⟨

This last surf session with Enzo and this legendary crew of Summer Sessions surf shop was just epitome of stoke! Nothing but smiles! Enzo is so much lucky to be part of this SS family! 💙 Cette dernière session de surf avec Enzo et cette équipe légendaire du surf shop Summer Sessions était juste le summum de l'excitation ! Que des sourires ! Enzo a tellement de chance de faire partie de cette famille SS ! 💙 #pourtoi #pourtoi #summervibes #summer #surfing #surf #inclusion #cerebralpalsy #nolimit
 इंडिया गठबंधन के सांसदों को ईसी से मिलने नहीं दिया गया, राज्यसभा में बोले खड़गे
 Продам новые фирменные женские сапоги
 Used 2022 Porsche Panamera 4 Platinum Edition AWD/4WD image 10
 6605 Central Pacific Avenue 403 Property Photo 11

⟩

▸ Instructions for the task
Restate each entry above word for word.

▸ Answer space
This last surf session with Enzo and this legendary crew of Summer Sessions surf shop was just epitome of stoke! Nothing but smiles! Enzo is so much lucky to be part of this SS family! 💙 Cette dernière session de surf avec Enzo et cette équipe légendaire du surf shop Summer Sessions était juste le summum de l'excitation ! Que des sourires ! Enzo a tellement de chance de faire partie de cette famille SS ! 💙 #pourtoi #pourtoi #summervibes #summer #surfing #surf #inclusion #cerebralpalsy #nolimit
 इंडिया गठबंधन के सांसदों को ईसी से मिलने नहीं दिया गया, राज्यसभा में बोले खड़गे
 Продам новые фирменные женские сапоги
 Used 2022 Porsche Panamera 4 Platinum Edition AWD/4WD image 10
 6605 Central Pacific Avenue 403 Property Photo 11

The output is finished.